The harvests take place when the grapes show satisfactory sugar levels. This ensures a balance with the other components, especially acids. The refractometer is a device used to measure the proper sugar content of the grapes. In fact, white grapes ripen before the reds, so they are usually harvested first. This is especially true since acidity is a particularly important parameter for dry white wines, as it is associated with freshness.
Therefore, the weather is also a fundamental element when determining the dates, as well as the duration of the harvests. Some weather episodes can be life-saving, others can ruin the harvests.
Northern or Southern Hemisphere?
The grape harvests do not take place on the same dates according to the hemisphere concerned. And that’s something we don’t always think about! In France (Northern Hemisphere), the harvests take place in September. But in Australia (Southern Hemisphere), the harvests take place around March. Just as there is a time difference, the seasons are also different.
However, without going that far, the dates of the harvests are not the same according to the regions and the styles of wines produced there. Generally the harvests in cool regions (Champagne, Alsace) will take place later than in hot regions (South of France).

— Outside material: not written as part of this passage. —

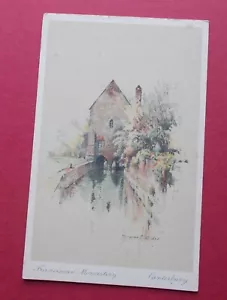 POSTKARTE KÜNSTLER M BATES - Bild 1 von 1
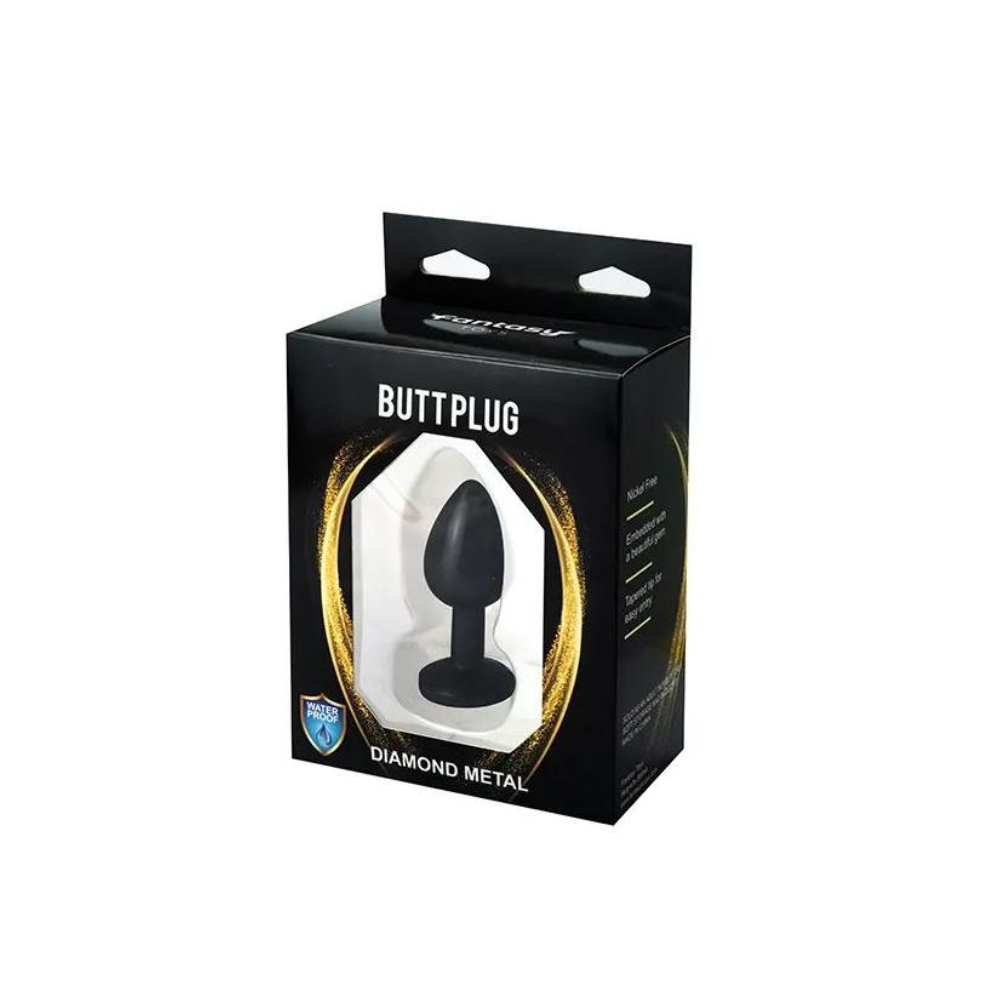 Plug in metallo - Nero - immagine 4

Use of a machine or hand harvests?
Well, it all depends on where you are in the world and what you want to do! Because harvesting manually or with a machine always has advantages and disadvantages. The machine will speed up harvesting, reducing production costs, especially in countries where manpower is not cheap. It can also be used at night, which in hot climates is a real advantage.

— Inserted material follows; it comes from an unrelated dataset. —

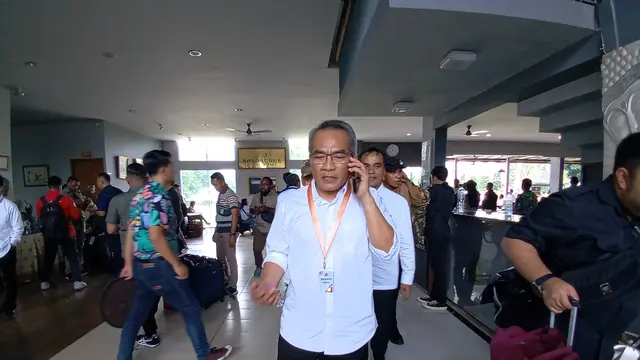 Bupati Bantul Abudl Halim Muslih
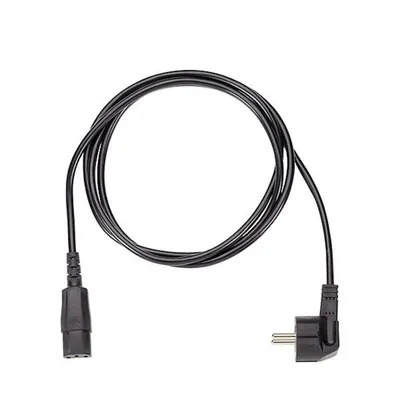 Zdjęcie produktu dla Kabel zasilający BACHMANN H05VV-F 3G0.75mm², L: 2.0m sw C13/CEE7/7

On the other hand, it cannot be used everywhere (steep vineyards) or for all styles of wine, especially those that require grapes to be harvested in whole bunches or have very specific rules. This is the case for example in Champagne, where only manual harvesting is allowed in order to limit color extraction as much as possible.
“Green” harvests and “late” harvests
Be careful not to confuse these terms! The so-called “green” harvests take place before the classic harvests and allows, by cutting part of the bunches present on the vine, to concentrate the aromas of those that will remain. In other words, the quantity is reduced to increase quality. To learn more about green harvesting, read our article.
Late harvests take place as the name suggests later than usual. The result is a grape that is ” over-ripe “, i.e. with higher sugar levels and therefore with a higher alcoholic potential. These late harvests are particularly indicated if the aim is to produce a sweet wine (mellow or syrupy). It is also a mention that can be found on the label of some wines, especially wines from Alsace.
Speed, temperature, and oxygen
Once the grapes have been harvested, there is no time to lose, while remaining vigilant! It is very important to transport the grapes to the winery as gently and quickly as possible. The ambient temperature is a key element, the fruit must be protected from excessive heat that could affect the quality.
Oxygen is another key element. Sometimes desired, sometimes not, it must be perfectly controlled in order to preserve the freshness of the fruit, and especially to avoid unwanted oxidation. It will thus ensure a harmonious evolution of all the aromatic components. From the harvests to the tasting of the wine, it is really a very important element to be taken into account in order to enjoy all that wine has to offer.
Celebrate the harvests
The grape harvests brings people together! There is a whole folklore around this vineyard’s strong time, and it is good to remember that in other times the grape harvests were celebrated in all the local villages. It was a sign, in some civilizations, that the gods were merciful, but more importantly, it was a sign that the village would have enough resources to feed its inhabitants and thrive from its trade. We tend to forget all this with time, but fortunately some events still survive and are really attractive.
Each wine region has festivals dedicated to the grape harvests. Among these main celebrations are two of the most emblematic, but this list is not exhaustive, many great and beautiful events take place all over France and the world.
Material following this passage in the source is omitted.